If you read the article closely it mentions certain games that used a custom T&L pipeline *before* T&L was available. The reason was not because OpenGL or D3D couldn't deliver the effects they wanted, but rather that prior to HW T&L you had to optimize your CPU pipeline for best performance.

http://scalibq.wordpress.com/just-keeping-it- … ro-programming/

Reply 22 of 50, by gdjacobs

Posted on 2017-03-06, 14:20

gdjacobs Offline

Rank l33t++

Rank: l33t++
Posts: 7626
Joined: 2015-11-03, 05:51
Location: The Great White North

They did pretty much map the hardware TCL unit to OpenGL, didn't they? Not a surprise considering where so many of their people came from.

Well, certainly there were cel shaded titles on console platforms which wouldn't be possible with the Direct3d 7 vertex pipeline. Interestingly, the Flipper chip was one of the graphical chips in question and did it with a fixed function vertex pipeline, it just had the requisite fixed function configuration options to handle this in hardware.

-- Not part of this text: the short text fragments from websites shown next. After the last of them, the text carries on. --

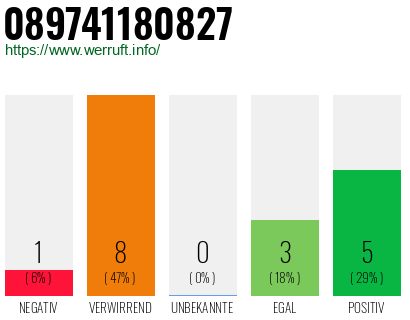 Rufnummer 089741180827 Telefonnummer 089741180827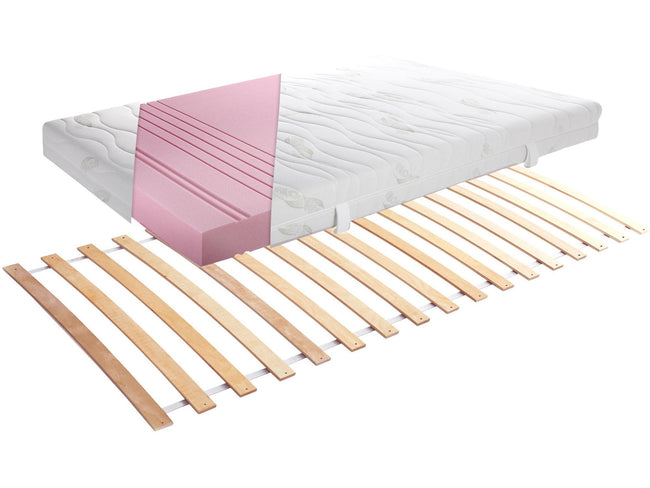 set-rollrost-matratze-aloe-vera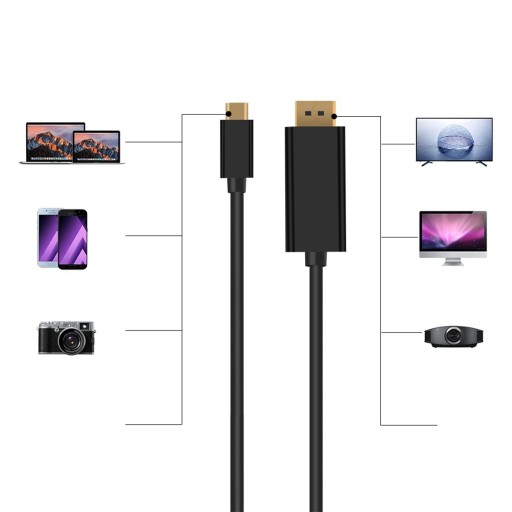 Кабель-адаптер USB Type C — DP DisplayPort 4K 3.1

Interestingly, the Q3 engine doesn't use per vertex lighting. It accelerates vertex transformations in hardware, though.

All hail the Great Capacitor Brand Finder

Reply 23 of 50, by Scali

Posted on 2017-03-06, 14:41

Scali Offline

Rank l33t

Rank: l33t
Posts: 4873
Joined: 2014-12-13, 14:24

gdjacobs wrote:
Well, certainly there were cel shaded titles on console platforms which wouldn't be possible with the Direct3d 7 vertex pipeline.

Why not? There are various approaches to cel shading, many of which can map just fine to a D3D7 or OGL fixedfunction pipeline.

gdjacobs wrote:
Interestingly, the Q3 engine doesn't use per vertex lighting. It accelerates vertex transformations in hardware, though.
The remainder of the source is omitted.